> **Records for the exercise**
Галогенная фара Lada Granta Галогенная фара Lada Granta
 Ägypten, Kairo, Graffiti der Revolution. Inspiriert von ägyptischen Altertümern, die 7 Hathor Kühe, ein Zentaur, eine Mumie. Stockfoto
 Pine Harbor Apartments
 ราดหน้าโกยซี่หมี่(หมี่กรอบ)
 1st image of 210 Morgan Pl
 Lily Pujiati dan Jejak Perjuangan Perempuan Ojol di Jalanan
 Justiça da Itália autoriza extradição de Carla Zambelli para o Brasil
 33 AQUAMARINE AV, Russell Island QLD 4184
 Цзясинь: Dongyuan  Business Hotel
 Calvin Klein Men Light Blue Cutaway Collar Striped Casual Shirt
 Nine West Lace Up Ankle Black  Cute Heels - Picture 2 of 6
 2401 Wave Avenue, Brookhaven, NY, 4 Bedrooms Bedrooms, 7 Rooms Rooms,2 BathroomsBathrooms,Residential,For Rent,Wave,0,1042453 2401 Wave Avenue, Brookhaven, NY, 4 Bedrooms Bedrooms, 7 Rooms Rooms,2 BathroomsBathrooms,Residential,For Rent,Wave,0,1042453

> **Your objective**
Without leaving out a single line, retype the material above exactly.

> **Task output**
Галогенная фара Lada Granta Галогенная фара Lada Granta
 Ägypten, Kairo, Graffiti der Revolution. Inspiriert von ägyptischen Altertümern, die 7 Hathor Kühe, ein Zentaur, eine Mumie. Stockfoto
 Pine Harbor Apartments
 ราดหน้าโกยซี่หมี่(หมี่กรอบ)
 1st image of 210 Morgan Pl
 Lily Pujiati dan Jejak Perjuangan Perempuan Ojol di Jalanan
 Justiça da Itália autoriza extradição de Carla Zambelli para o Brasil
 33 AQUAMARINE AV, Russell Island QLD 4184
 Цзясинь: Dongyuan  Business Hotel
 Calvin Klein Men Light Blue Cutaway Collar Striped Casual Shirt
 Nine West Lace Up Ankle Black  Cute Heels - Picture 2 of 6
 2401 Wave Avenue, Brookhaven, NY, 4 Bedrooms Bedrooms, 7 Rooms Rooms,2 BathroomsBathrooms,Residential,For Rent,Wave,0,1042453 2401 Wave Avenue, Brookhaven, NY, 4 Bedrooms Bedrooms, 7 Rooms Rooms,2 BathroomsBathrooms,Residential,For Rent,Wave,0,1042453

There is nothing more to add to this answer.